K2CountingReference C:\ProgramData\Gatan\Reference Images\K2-0001 1 Gain Ref. x1.m2.dm4
K2SuperResReference C:\ProgramData\Gatan\Reference Images\K2-0001 1 Gain Ref. x1.m3.dm4

These two lines define the exact filenames and full path where the Gatan reference files locate. With this, SerialEM will make sure the latest reference files to be saved into frame saving directory. This is important, you should check it.

4 Post-Processing: Decompress, Unpack and Apply Gain Reference

4.1 Decompress

Decompressing the compressed TIFF file is straightforward. IMOD program tif2mrc takes input of compressed AND uncompressed TIFF(the property of compression is hidden).

% tif2mrc FrameStack.tif FrameStack.mrc

If it is also packed, you can unpack it as this:

% clip unpack FrameStack.mrc UnpackedFrameStack.mrc

In either above case, the MRC output file has 8-bit integer data type.

4.2 Apply gain reference to frames with standard orientation

The gain software gain reference is not rotated or flipped.

If the box next to "Save frames wothout rotation/flip to standard orientation" IS checked, the frames are saved as is - no rotation and/or flip. In this case, to apply Gatan gain reference file is straightforward.

  1. Convert Gatan reference from dm4 to mrc format.

    % dm2mrc gatanRef.dm4 gatanRef.mrc 
  2. Apply reference file. Depending on wether frames are saved as packed or not, using one of the following commands.

    • For packed frames, unpacking them and applying gain reference file can be made with a single command.

      % clip unpack fileWithFrames_packed.mrc gatanRef.mrc normalizedFrames.mrc
    • For unpacked,

      % clip mult -n 16 fileWithFrames.mrc gatanRef.mrc normalizedFrames.mrc

      Here, after gain reference applied, the result is multiplied by 16 first, then rounded to integer. In theory, any rounding will cause information loss. In this case, the 4-bit data are scaled up by 16 before rounding, the loss is very small.

      If one does want full precision without any rounding, then it is better to use floats as output.

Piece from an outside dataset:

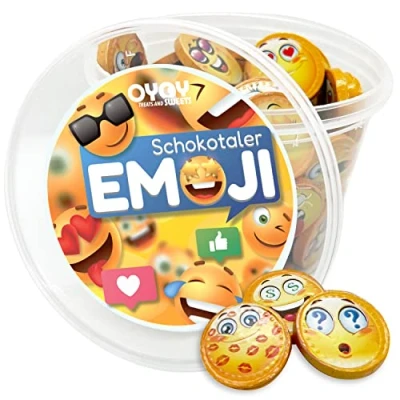 Abbildung von OYOY Emoji Schokolade Partymix Set mit 510g Smiley Schokotaler in einem Partybucket I ca. 78 Schokoladentaler aus Milchschokolade Mitbringsel für Kinder Geschenk Süssigkeiten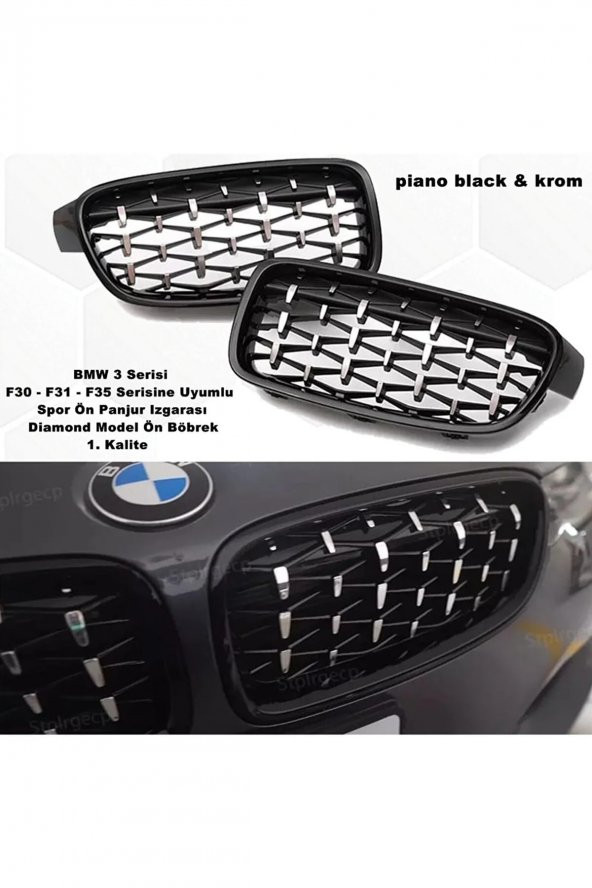 Bmw F35 3 Serisi Diamond Ön Panjur Izgara Böbrek Piano Black & Krom 1. Kalite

      % clip mult -m 2 fileWithFrames.mrc gatanRef.mrc normalizedFrames.mrc

      From DM 2.31, there is also a defects.txt saved along with gain reference file. The correction for this defects can be done by adding "-D defects.txt" before fileWithFrames.mrc, like following

      % clip mult -m 2 -D defects.txt fileWithFrames.mrc gatanRef.mrc normalizedFrames.mrc

4.3 Apply gain reference to frames with rotated/fliped orientation

If the box next to "Save frames wothout rotation/flip to standard orientation" is NOT checked, the frames are saved with rotation and/or flip. In this case, in order to apply gain reference to image or frames, Gatan gain reference file has to be converted to MRC first and then ALSO rotated and flipped accordingly. IMOD commands newstack -rot and clip flipx will do rotation and flip.

If in DigitalMicrograph camera configuration windows, the rotation is 270 degree and "flip along Y" is checked, that means that frames are rotated to 270 and flipped along Y axis. We need to rotate Gatan gain reference file in opposite way.

The following IMOD command requires version 4.6.26 or higher.

Here are step to process Gatan gain reference file. The order of the actions is required.

  1. Convert Gatan reference from dm4 to mrc.

    % dm2mrc gatanRef.dm4 gatanRef.mrc 
  2. Rotate -270 degree.

    % newstack -rot -270 gatanRef.mrc gatanRef_rot-270.mrc
  3. Flip image around Y.

    % clip flipy gatanRef_rot-270.mrc  gatanRef_rot-270_flipy.mrc 

Now, gain reference is ready to be applied on our frame stacks. Using one of the follows commands, depending on frames being saved with packing or not.

  1. For packed frames, unpacking them and applying gain reference file can be made with a singple caolland.

    % clip unpack fileWithFrames_packed.mrc gatanRef_rot-270_flipy.mrc  normalizedFrames.mrc
  2. For unpacked,

    % clip mult -n 16 fileWithFrames.mrc gatanRef_rot-270_flipy.mrc normalizedFrames.mrc

For more details, please see SerialEM HelpFile.